----- Data supplied -----

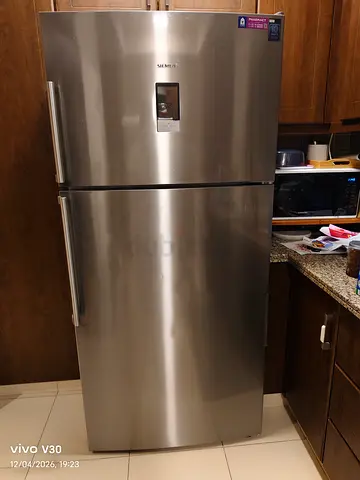 Free delivery Siemens Stainless Steel Top Freezer Refrigerator - Good Condition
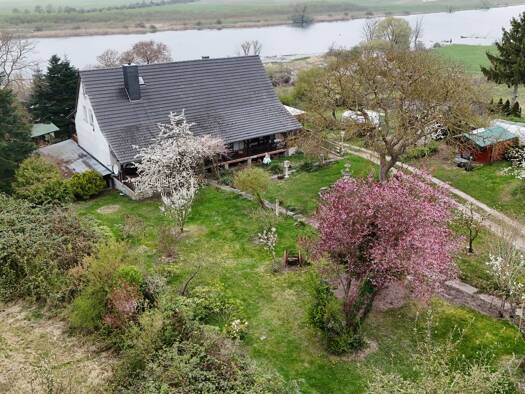 Mehrfamilienhaus zum Kauf 410.000 € 8 Zimmer 360 m² 2.500 m² Grundstück Nitzow Havelberg 39539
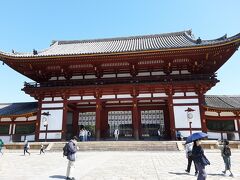 東大寺の中門。
東大寺に入ります。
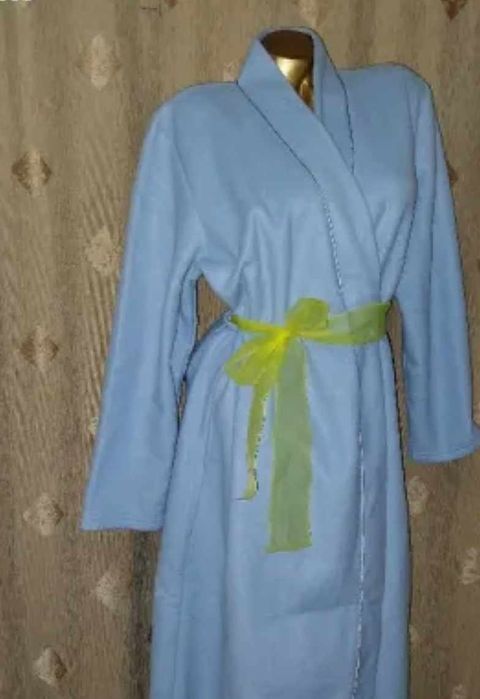 2XL Сатенени халати в различни цветове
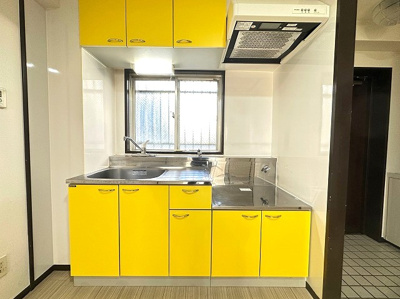 【キッチン】 | 日吉パフィオマンション | 換気のできる窓のあるキッチンはガスコンロ設置可能☆場所を取るお鍋やお皿もたっぷり収納できてお料理がはかどります！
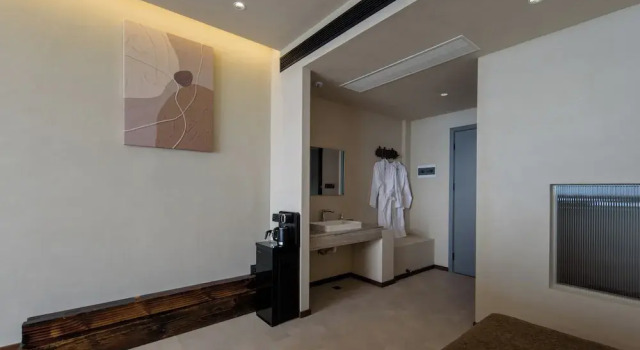 Двухместный семейный номер Standard с балконом и с видом на океан Dali Shuanglang Haiyu Sea View B&B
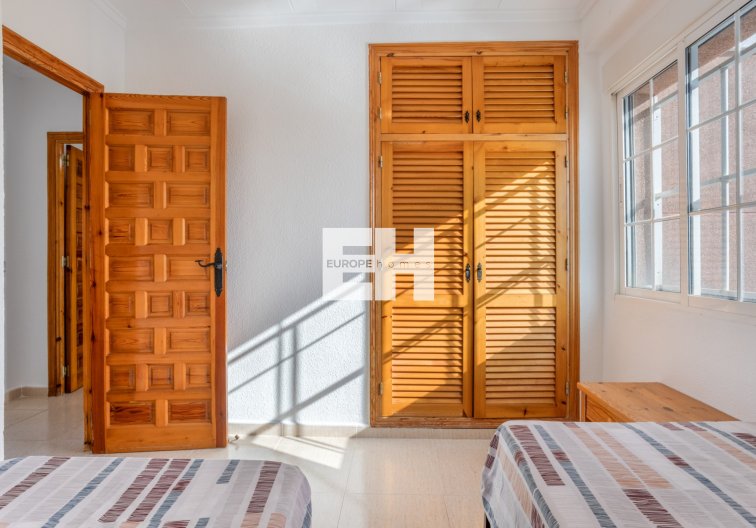 Segunda mano - villa - Torrevieja - Costa Blanca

-----

> _Your objective_:
Output every record above exactly, leaving out the pictures.

> _Written response_:
 Free delivery Siemens Stainless Steel Top Freezer Refrigerator - Good Condition
 Mehrfamilienhaus zum Kauf 410.000 € 8 Zimmer 360 m² 2.500 m² Grundstück Nitzow Havelberg 39539
 東大寺の中門。
東大寺に入ります。
 2XL Сатенени халати в различни цветове
 【キッチン】 | 日吉パフィオマンション | 換気のできる窓のあるキッチンはガスコンロ設置可能☆場所を取るお鍋やお皿もたっぷり収納できてお料理がはかどります！
 Двухместный семейный номер Standard с балконом и с видом на океан Dali Shuanglang Haiyu Sea View B&B
 Segunda mano - villa - Torrevieja - Costa Blanca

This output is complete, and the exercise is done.